Erzincan'da çevre kirliliğine neden olan altın madeni hakkında Çevre, Şehircilik ve İklim Değişikliği Bakanı Murat Kurum'un yanıtlaması istemiyle bir soru önergesi veren CHP'li Öztunç, "Kimyasal sızıntıya sebep olan firmaya men cezası uygulanacak mı?" diye sordu.

Siyanür sızıntısına neden olan altın madeni Meclis gündeminde: Faaliyetten men edilecek mi?
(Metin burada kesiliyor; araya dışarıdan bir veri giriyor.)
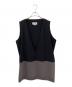 MM6 Maison Margiela（エムエムシックスメゾンマルジェラ）の古着「ウールVネックミニワンピース」｜グレー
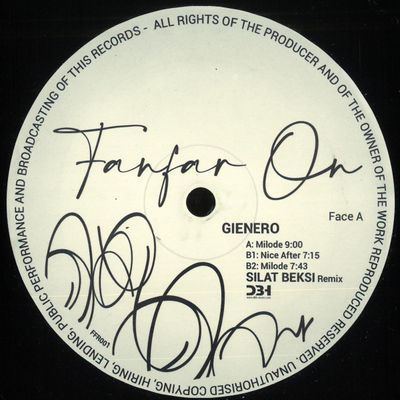 Gienero — Milode EP vinyl cover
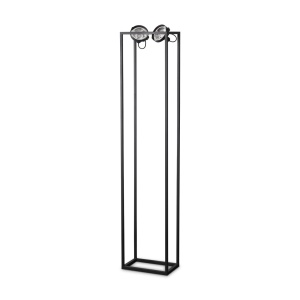 LAMPADAR AUDIO PT2 H160, NEGRU, DIN METAL, STIL MODERN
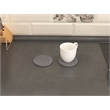 Pemberly Row Absorbent Round Diatomite Stone Coaster in Gray (Set of 4)
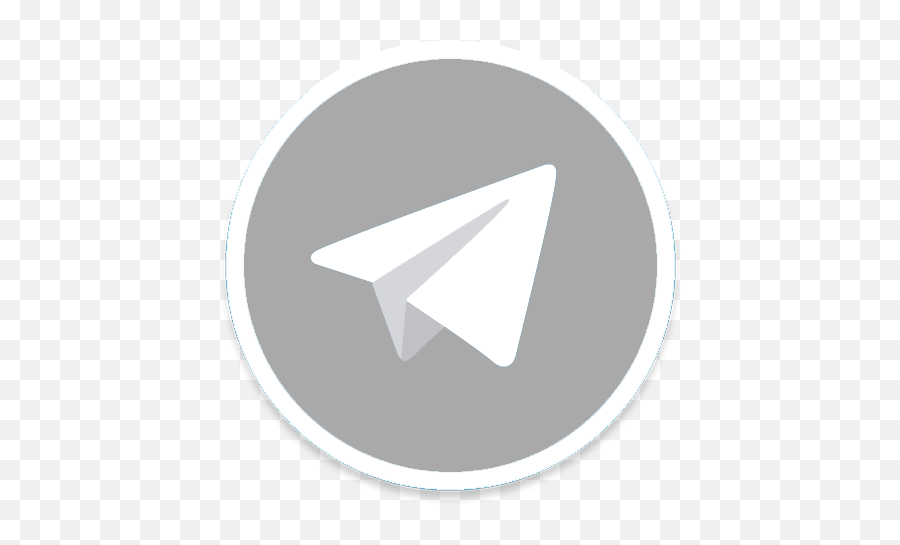 Telegram Png Download - Gray Telegram Icon U2013 Free Download,Telegram Icon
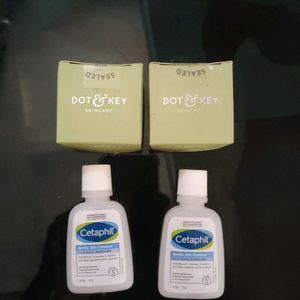 Pack Of 2 Cetaphil And Packof  Two Dot & Key Combo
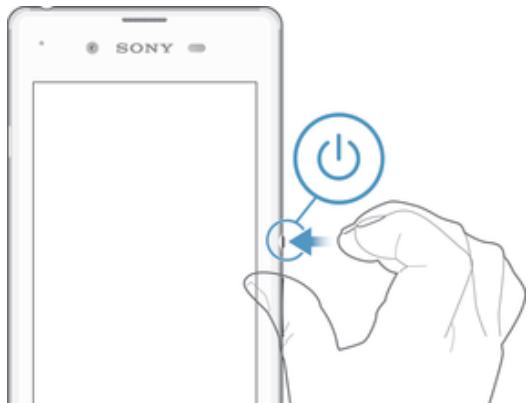 SONY XPERIA E3 BRONZE - Pour allumer l'appareil - 2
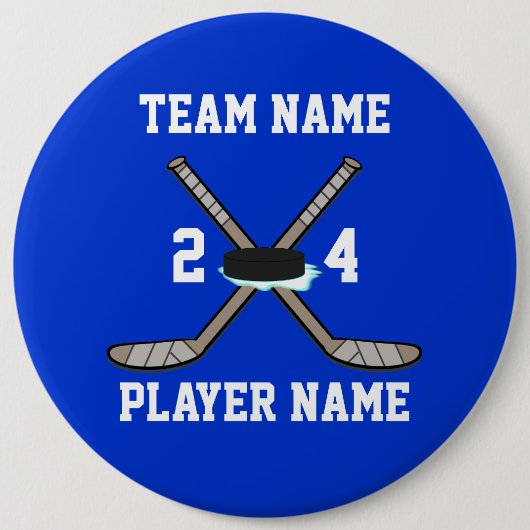 Hockey Buttonnen Ronde Button 6,0 Cm (Voorkant)
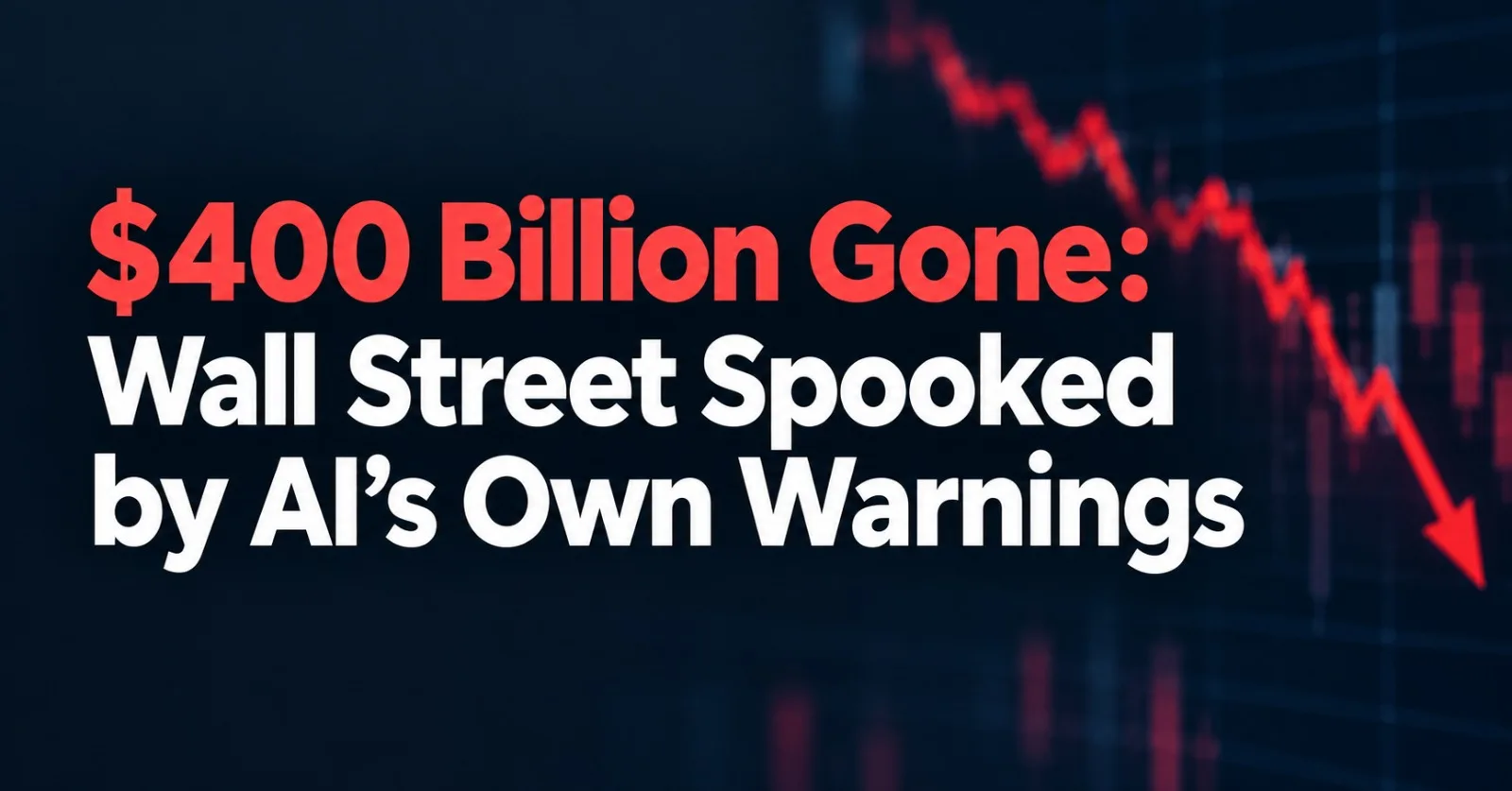 $400 Billion Gone: Wall Street Spooked by AI's Own Warnings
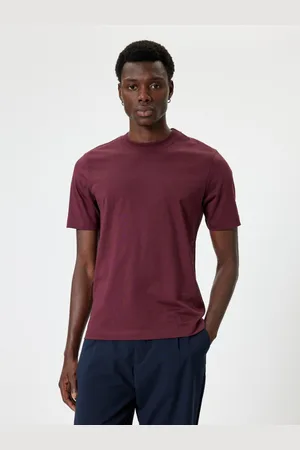 Koton Men Polo Collar Drop-Shoulder Sleeves Pockets T-shirt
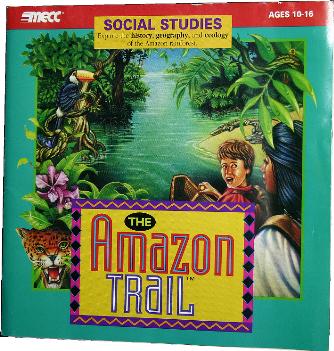 DOS - The Amazon Trail Box Art Front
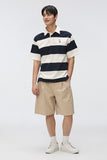 Men Short Sleeve Woodie Stripe Tee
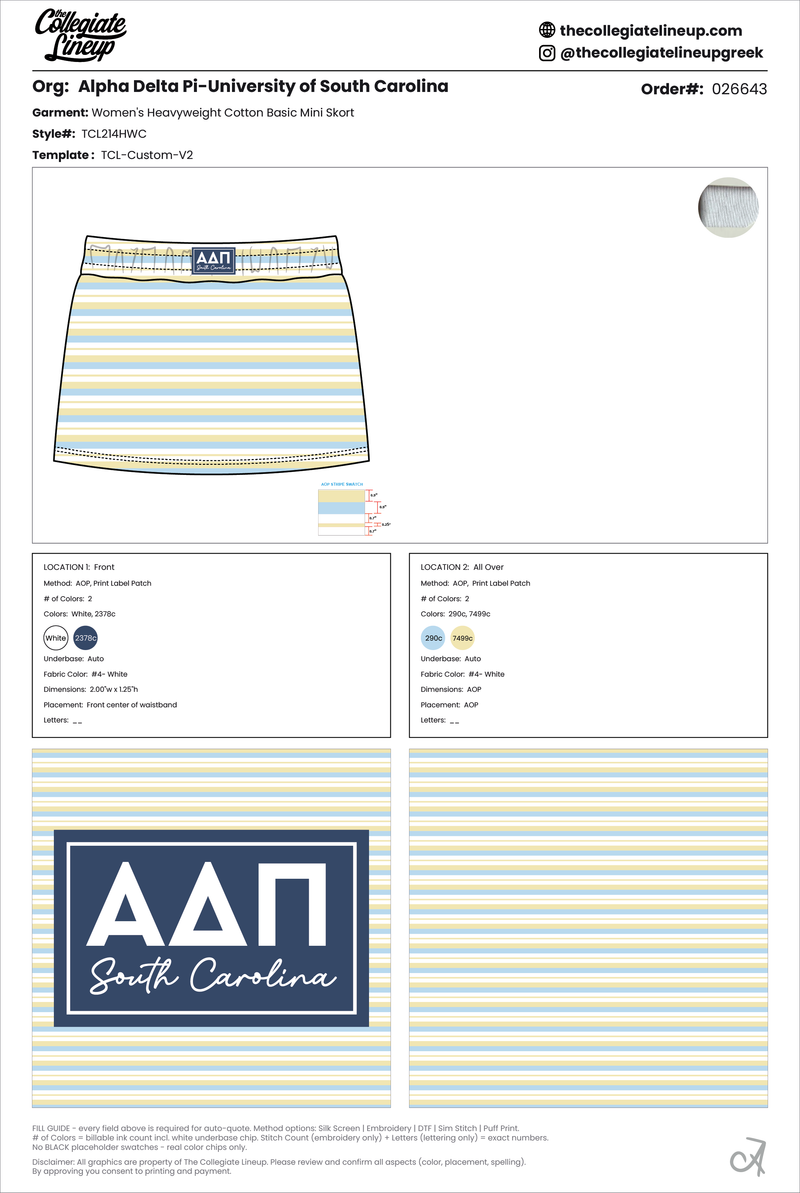 Alpha Delta Pi University of South Carolina #26643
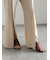 フロントスリットパンツ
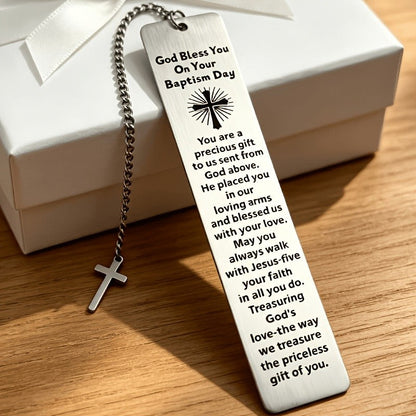 Baptism Blessing Bookmark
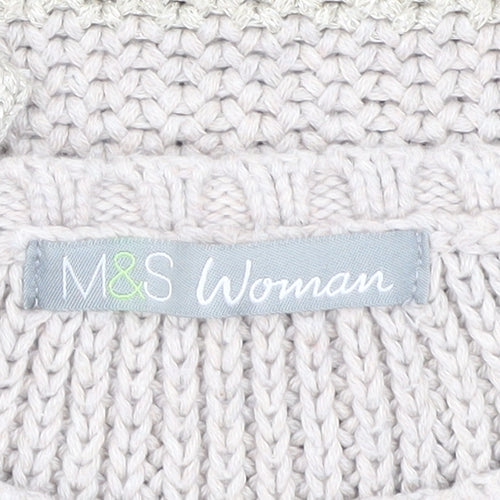 Marks and Spencer Women's Beige Pullover Jumper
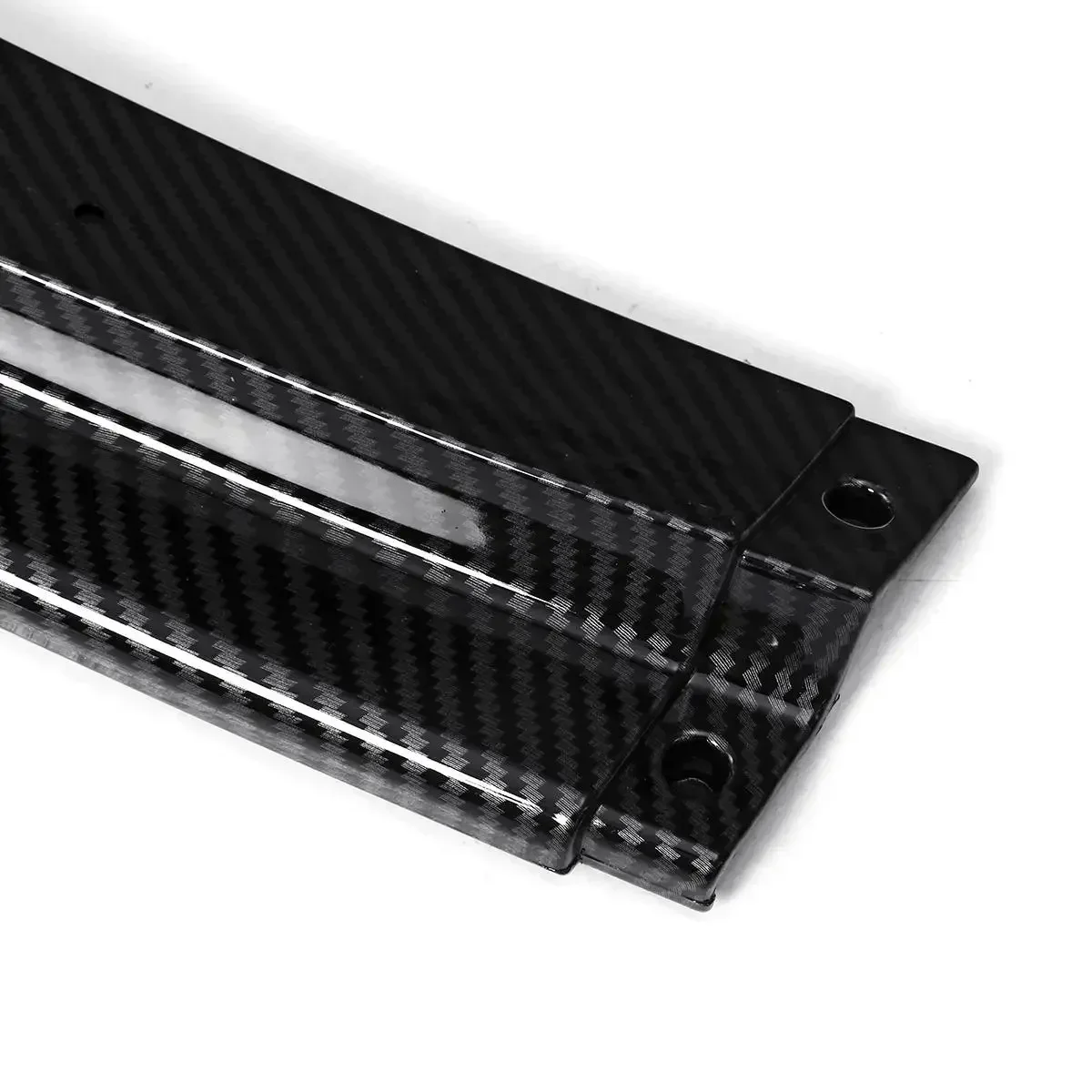 1Set Carbon Fiber Look Car Front Bumper Lip Splitter Lip  Diffuser For Lexus IS250/350/200T/300 AWD F-Sport 2014-2016 Body Kit view 6
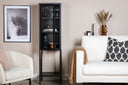 Showcase Tero - in Black with Glass Front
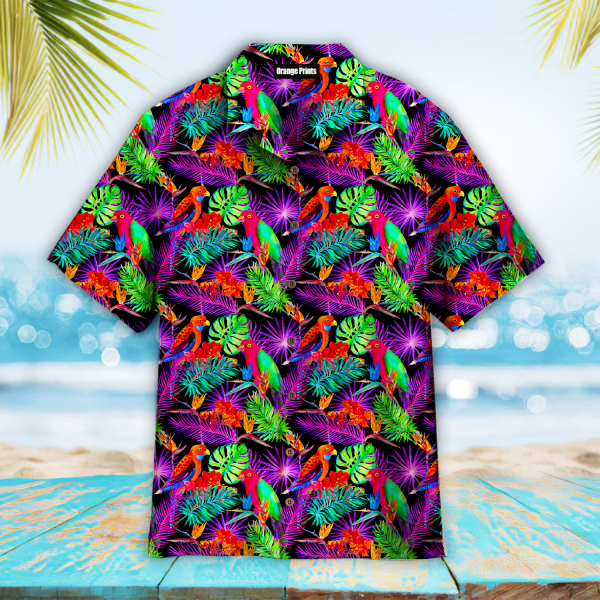 Colorful Parrot Tropical Hawaiian Shirt | For Men & Women | WT3016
Erzincan’ın İliç ilçesinde maden faaliyeti yürüten Anagold Madencilik San. ve Tic, AŞ’ye ait sahada boru hattının patlaması sonucu siyanür sızıntısı yaşandı. Sızan atıkların neden olduğu çevre tahribatını Türkiye Büyük Millet Meclisi (TBMM) gündemine taşıyan Cumhuriyet Halk Partisi (CHP) Genel Başkan Yardımcısı Ali Öztunç, "Kimyasal sızıntıya sebep olan firmaya men cezası uygulanacak mı?" diye sordu.

Erzincan’ın İliç ilçesinde Çöpler Köyü'nde bulunan Anagold Madencilik'te yaşanan kimyasal sızıntı, toprağa ve akarsuya karışmış, çevre kirliliğine neden olan altın madenine 16,4 milyon lira ceza verilmişti.

Konuya ilişkin Çevre, Şehircilik ve İklim Değişikliği Bakanı Murat Kurum'un yanıtlaması istemiyle bir soru önergesi veren Öztunç, siyanür ve diğer kimyasal sızıntılarla ilgili inceleme ve analizlerin sonuçlarının kamuoyu ile paylaşılıp paylaşılmayacağını ve söz konusu firmaya men cezası verilip verilmeyeceğini sordu.

Söz konusu projenin Karasu ve Fırat havzasında tarım ve gıda güvenliği yönünden riskler barındırdığına, bölgedeki aktif fay hattını harekete geçirme olasılığının bulunduğuna dikkati çeken Öztunç'un Kurum'a yönelttiği sorular şu şekilde:

► Söz konusu firma hakkında faaliyetten men cezası uygulamayı düşünüyor musunuz?

► Siyanür ve diğer kimyasal sızıntılarıyla ilgili inceleme ve analizlerin sonuçlarını da kamuoyu ile paylaşacak mısınız?

► Söz konusu tesisin, son denetimi hangi tarihte gerçekleştirilmiş, denetim raporlarındaki atık maden barajına yönelik tespit ve değerlendirmeler nelerdir?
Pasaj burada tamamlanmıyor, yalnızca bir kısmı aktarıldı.